On 24 November 2014 at 17:43, Ondřej Čertík <ondrej.cer...@gmail.com> wrote:
> On Mon, Nov 24, 2014 at 1:57 PM, Bill Page <bill.p...@newsynthesis.org> wrote:
> ...
>>
>> In FriCAS 'abs' is already a kernel function and it implemented the
>> derivative of 'abs' even before my proposed patch but I think the
>> current definition is wrong:
>>
>> (14) -> D(abs(x),x)
>>
>> abs(x)
>> (14) ------
>> x
>> Type: Expression(Integer)
>
> I think that's correct for real numbers, i.e. x/abs(x) = abs(x) / x.
>
I am not very interested in real numbers. I am interested in the
algebra. Would you say that
sqrt(x^2).diff(x) = sqrt(x^2)/x
is OK?
>> Rather, I think the correct definition of 'log(z)' is the solution of
>>
>> z = exp(?)
>>
>> So we can write z=exp(log(z)) by definition.
>
> Indeed, exp(log(z))=z always,
Not just "true always". It is the definition of 'log(z)'.
>
> In both (A) and (B),
> it is true that z = exp(log(z)). However, these are different:
>
> (A) log(exp(z)) = z + 2*pi*i*n
> (B) log(exp(z)) = z + 2*pi*i*floor((pi-Im z) / 2*pi)
>
> In (B), you get a single value, but in (A) you get multiple values,
> one for each "n".
>
Better to say (A) is true "\forall n \in Integer"
> I am very familiar with the approach (B) and I think I understand
> exactly what follows from what and how to derive all the formulas.
(B) is about choosing a particular "branch" of 'log' - the principal
value.

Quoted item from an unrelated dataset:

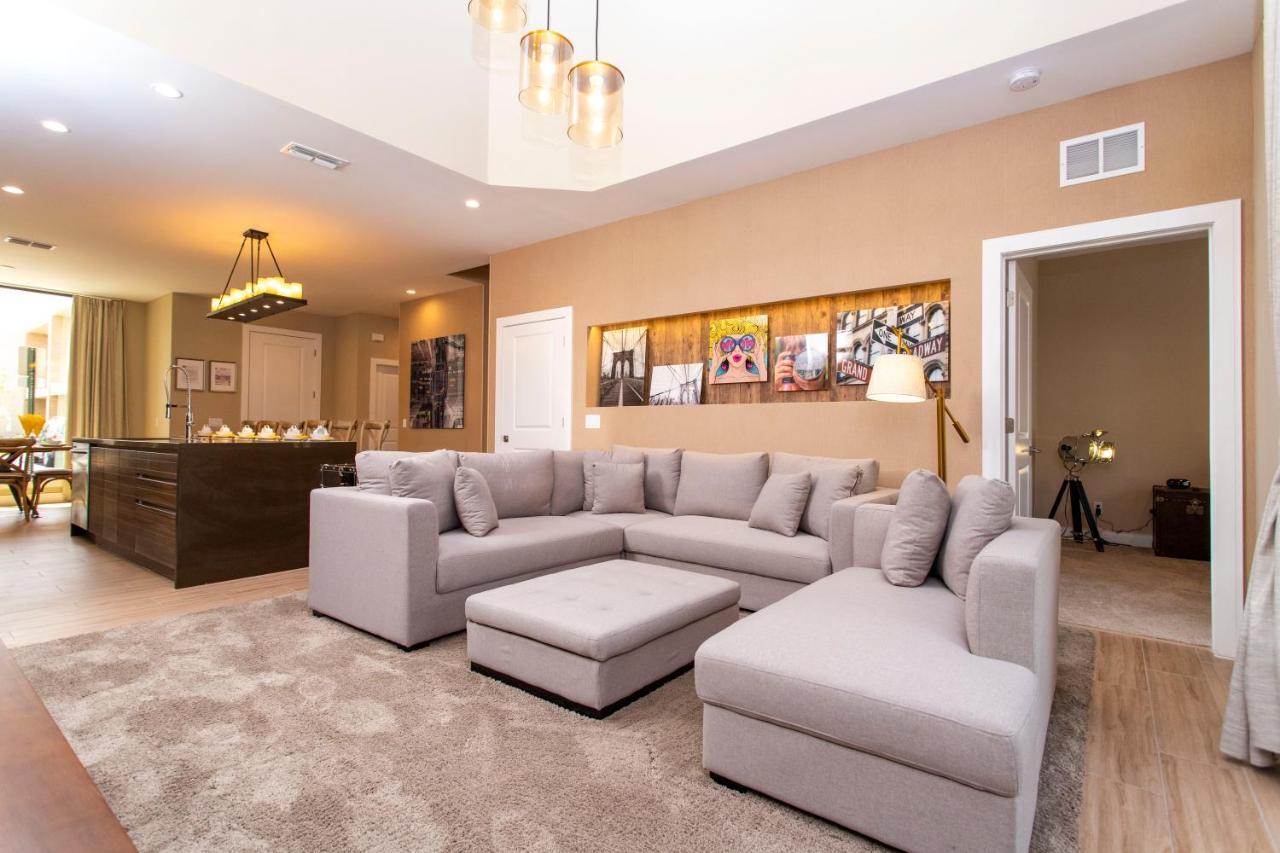 Holiday home Gorgeous 4 Bd Close To @ Magic Village Yards 3097 *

But I don't want to be forced to make a choice of branch until
I actually need to evaluate an expression numerically.
> But I am not 100% sure with (A), I was hoping you can help, since
> that's the approach that you want to use in FriCAS.
(A) is not quite the approach I want to use for 'Expression' in
FriCAS. I want 'log(exp(z))' to be the solution of
exp(z) = exp(?)
The best way to say that algebraically (symbolically) is just
'log(exp(z))', i.e. without evaluation. This is what FriCAS already
does in the case of
(1) -> z:Expression Complex Integer
Type: Void
(2) -> exp(log(z))
(2) z
Type: Expression(Complex(Integer))
(3) -> log(exp(z))
z
(3) log(%e )
Type: Expression(Complex(Integer))
but unfortunately not in the case of 'Expression Integer'.

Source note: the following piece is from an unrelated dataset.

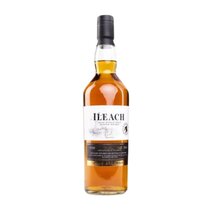 The Ileach Cask Strength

(4) -> z:Expression Integer
Type: Void
(5) -> log(exp(z))
(5) z
Type: Expression(Integer)
I think that what it currently does for 'Expression Integer' should be
considered a bug.
> I think what I wrote is correct for (A), but please correct me if I am wrong.
>
>> This is exactly analogous
>> to the treatment of 'sqrt(z)' as the solution to
>>
>> z = ? * ?
>>
We have
sqrt(z)^2 = z
but
sqrt(z^2) = sqrt(z^2)
>>> However, this definition quickly becomes impractical, because you
>>> need to be able to numerically evaluate symbolic expressions, and
>>> you would need to carry the symbolic term 2*pi*i*n around.
>>
>> We do not need an extra term. We only need axioms for the correct
>> behavior of the expression 'log(z)'. But 'log(z)' does not denote a
>> function in the sense of a many-to-one mapping. The inverse of a
>> function is only a function (possibly partial) if the function is
>> injective (one-to-one).
>
> Sure, that's why you have "n" in the formula for log(z) in (A), and
> the function is multivalued over all "n".
>
No. As you have written it, it is a function of two variables with
one value for each z and n.
f(z,n) = z + 2*pi*i*n
I think what you are trying to say is
(A) log(exp(z)) = { z + 2*pi*i*n | for all n in Integer}
and
sqrt(z) = { x | x^2 =z }
Although it may seem simple in this case, in general implementing sets
with comprehension like this requires logic and takes us outside of
algebra as such into the realm of theorem proving.
>>
>> The Riemann surface is an important tool in complex analysis but I
>> have yet to see it used explicitly in any computer algebra system as
>> a representation of complex functions.
>
> I thought the Riemann surface gives you a way to couple "n" in
> log(a*b), log(a) and log(b) in such a way that you get exactly
> log(a*b)-log(a)-log(b)=0. I.e. that the Riemann surface is (A).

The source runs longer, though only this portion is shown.